Jesus entered Jericho and was passing through. A man was there by the name of Zacchaeus; he was a chief tax collector and was wealthy. He wanted to see who Jesus was, but because he was short he could not see over the crowd. So he ran ahead and climbed a sycamore-fig tree to see Him, since Jesus was coming that way. When Jesus reached the spot, he looked up and said to him, “Zacchaeus, come down immediately. I must stay at your house today.” So he came down at once and welcomed Him gladly. All the people saw this and began to mutter, “He has gone to be the guest of a sinner.” But Zacchaeus stood up and said to the Lord, “Look, Lord! Here and now I give half of my possessions to the poor, and if I have cheated anybody out of anything, I will pay back four times the amount.” Jesus said to him, “Today salvation has come to this house, because this man, too, is a son of Abraham. For the Son of Man came to seek and to save the lost.” Luke 19:1-10
“Yet Zacchaeus, hearing that the Lord Jesus was passing by, climbed a tree, for he was small in stature and could not see Him because of the crowd.

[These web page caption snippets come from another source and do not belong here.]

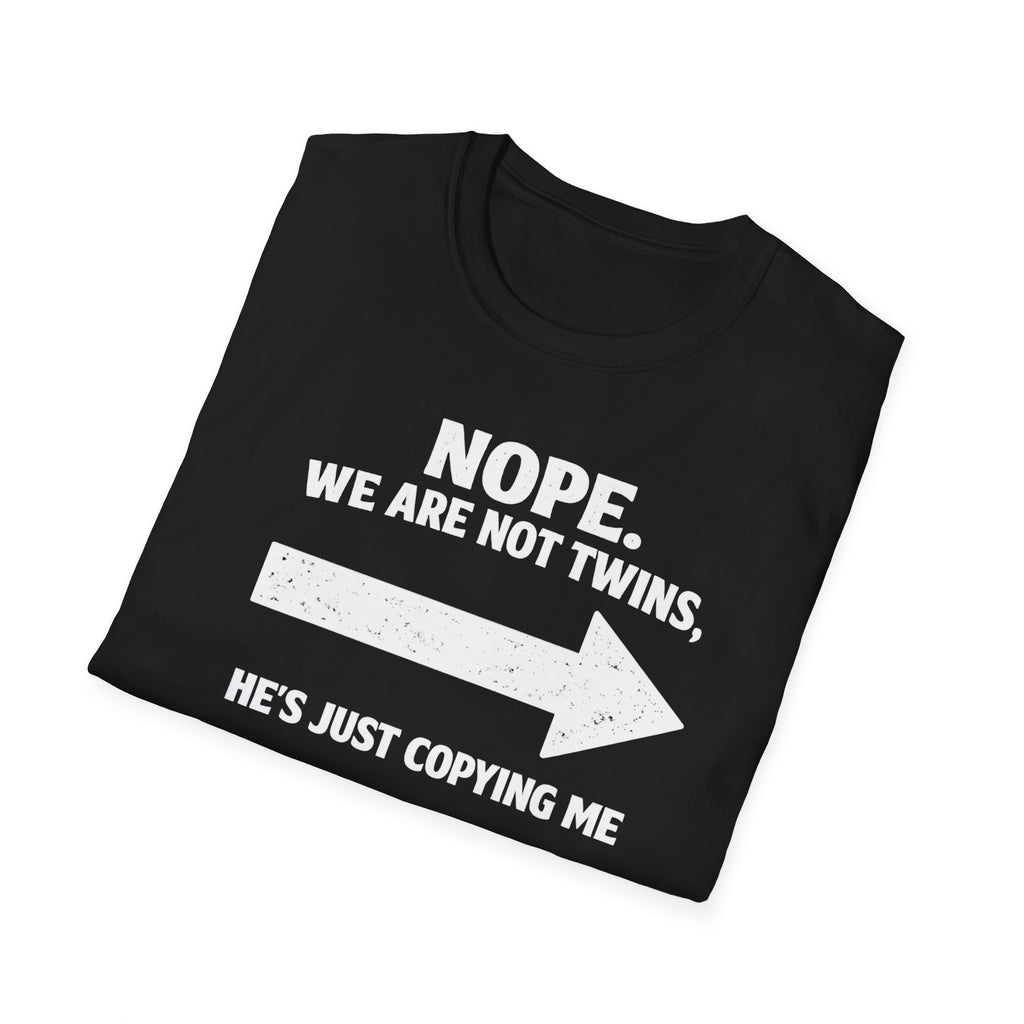 He Copies Me Right Softstyle T-Shirt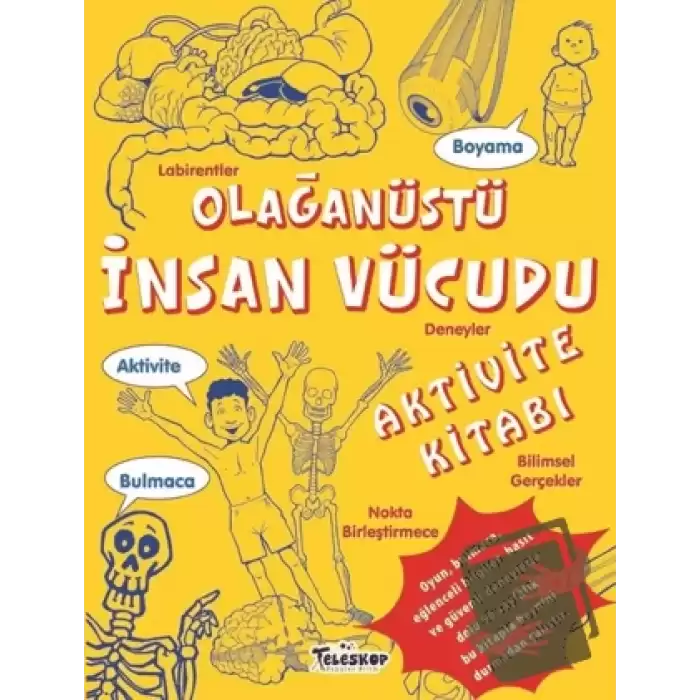 Olağanüstü İnsan Vücudu Aktivite Kitabı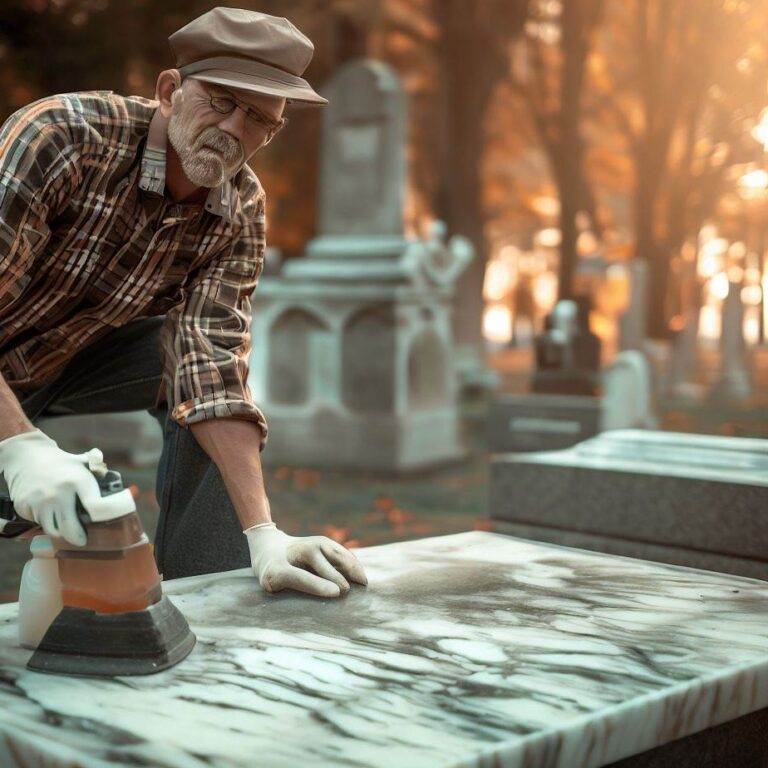 Cu ce se curată marmura la cimitir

He saw Christ and discovered the light. He saw Christ and gave up what was his own, though he was a man who took what belonged to others.”
Ambrose of Milan (c. 339-397) in Psalm 43 as recounted Milton Walsh in Witness of the Saints: Patristic Readings in the Liturgy of the Hours (San Francisco: Ignatius Press, 2012) 279.
I am having a peaceful weekend in Soldiers Grove, Wisconsin, and continue to enjoy my book, Witness of the Saints.
Today, we read the comments of Ambrose of Milan on the interchange between Zacchaeus and Jesus. In short, discovering the light led him to change directions. He was a taker and demonstrated his repentance by becoming a giver.
“He gave up what was his own” is a powerful summary of what took place.
It matches how many scholars parse this text. The text is not saying that he gave half of his possessions to the poor and kept the other half. It implies that half reflected giving and the other half restitution for wrongs done to other.
When we discover the light we give up what is our own.
In the case of Zacchaeus, he made things right for those from which he had stolen (which follows the example set by David in 2 Samuel 12:6) and the other half or portion he gave to the poor. “He gave up what was his own.”
So, take some time today to gaze at Christ and to pray.